Paul Michel was so utterly unlike any other person, woman or man, that I had ever known. He had made no specific demands upon me, and yet he demanded everything I had; all my time, energy, effort, concentration. For something had significantly changed between us since the disastrous night out at Quinze Treize. The balance of power had shifted. I was no longer in control of the affair and the outcome was radically in doubt.
“I’ve got some news for you both,” said Pascale Vaury, her face expressionless. I started slightly at her voice and looked up. Paul Michel neither reacted nor moved. He continued to gaze up into the trees. She addressed herself to his supine indifference.
“I
applied for a temporary release order on your behalf at the Préfecture. I should say that I was under some pressure to apply. I have had a barrage of phone calls from your legal guardian. Given his prestige within the medical establishment I haven’t had much choice. I have expressed my doubts. Nevertheless, the order has been accepted, subject to an additional report from the medical advisory committee. You’ll go before the committee tomorrow. If all goes well, you can leave on Saturday, Monday at the latest. I assume that you want to go this time.”
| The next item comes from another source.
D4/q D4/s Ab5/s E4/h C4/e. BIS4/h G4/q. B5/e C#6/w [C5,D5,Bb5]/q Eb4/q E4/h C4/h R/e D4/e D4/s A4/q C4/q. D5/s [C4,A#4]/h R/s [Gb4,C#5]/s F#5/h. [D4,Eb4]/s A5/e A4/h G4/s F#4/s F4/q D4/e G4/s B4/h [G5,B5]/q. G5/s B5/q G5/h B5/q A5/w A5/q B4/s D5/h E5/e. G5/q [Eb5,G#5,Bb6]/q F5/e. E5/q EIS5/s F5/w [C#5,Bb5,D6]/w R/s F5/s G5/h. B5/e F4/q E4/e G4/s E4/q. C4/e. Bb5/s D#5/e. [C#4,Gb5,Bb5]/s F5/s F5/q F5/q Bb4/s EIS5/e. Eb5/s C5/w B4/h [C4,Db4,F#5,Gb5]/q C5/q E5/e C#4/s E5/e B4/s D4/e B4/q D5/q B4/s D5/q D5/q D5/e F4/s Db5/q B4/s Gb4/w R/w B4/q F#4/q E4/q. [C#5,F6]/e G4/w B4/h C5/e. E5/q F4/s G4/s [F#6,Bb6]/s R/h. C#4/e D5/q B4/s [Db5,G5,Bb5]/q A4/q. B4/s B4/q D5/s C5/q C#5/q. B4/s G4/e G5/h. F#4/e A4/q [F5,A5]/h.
She paused, looking critically at Paul Michel. He sat up.
“I’ll think about it,” he said drily.
“You do that,” she said, “and if you do want to go, behave better than you did last time in front of the committee.”
I was terribly excited and anxious, crestfallen at Paul Michel’s lack of enthusiasm. Pascale Vaury went on. “I’ve mentioned your successful excursion last Saturday.” I held my breath. “It should count in your favor.”
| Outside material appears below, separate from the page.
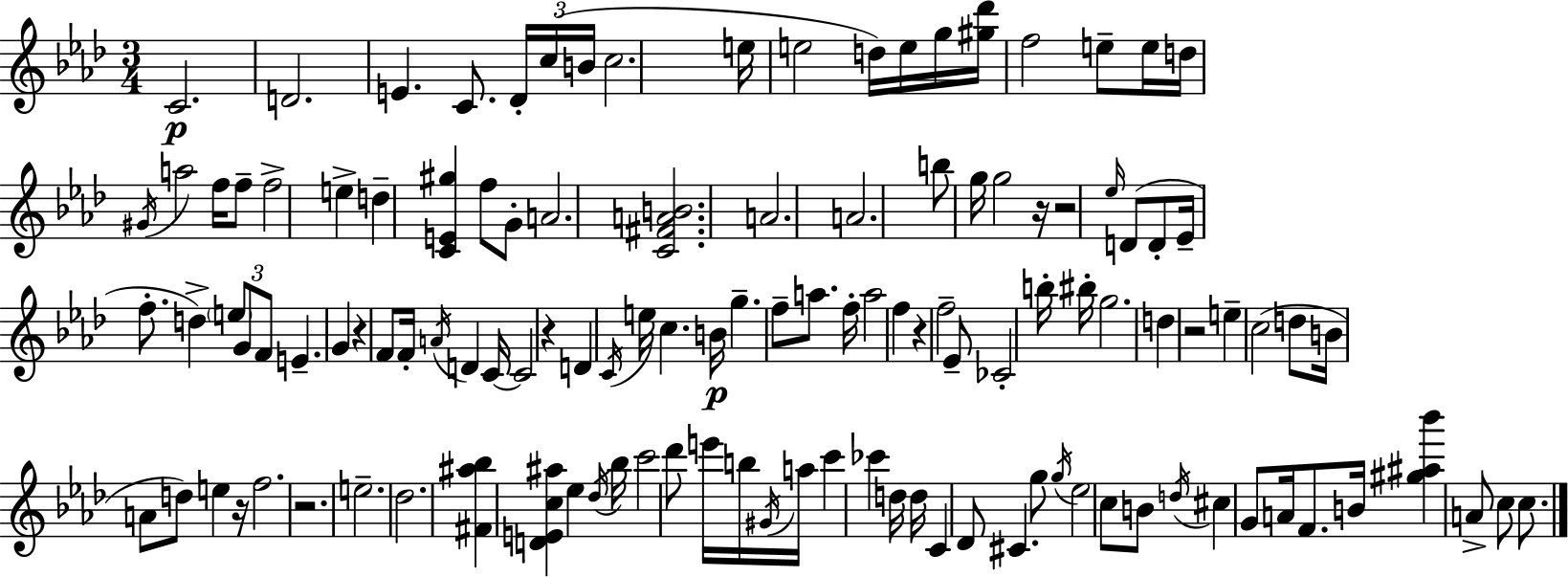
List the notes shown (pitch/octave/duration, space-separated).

The fracas at Quinze Treize had gone undiscovered. The only mystery which remained, as Paul Michel gleefully pointed out to me, was an unsolicited letter of apology sent to the Mayor of Clermont by the management of Quinze Treize. This became a journalist’s joke in the local paper towards the end of the week.
Paul Michel stood up, stretched, and yawned in her face.
“And where do you suggest that I go, Dr Vaury?”
She smiled ironically.
“Wherever you like within the frontiers. You can’t leave the country. But you have to decide before Saturday so that we can register you with the police and the local clinic—and fax them your papers.”
“Well, as I say—I’ll think about it.” Paul Michel lay down again, arrogant and self-contained, dismissing her. Suddenly she leaned towards him and, with all the tenderness of a mother, she softly stroked his cheek.
“Ecoute-moi. Sois sage,” she said, turned on her heel and marched away. I stared after her. Paul Michel lay looking up into the trees, laughing slightly. I realized, for the first time, that all his rudeness to her face was a form of theater. There was an absolute trust and complicity between them. The hospital was his home. These were the only people he trusted, the only people he loved. I had nothing to say.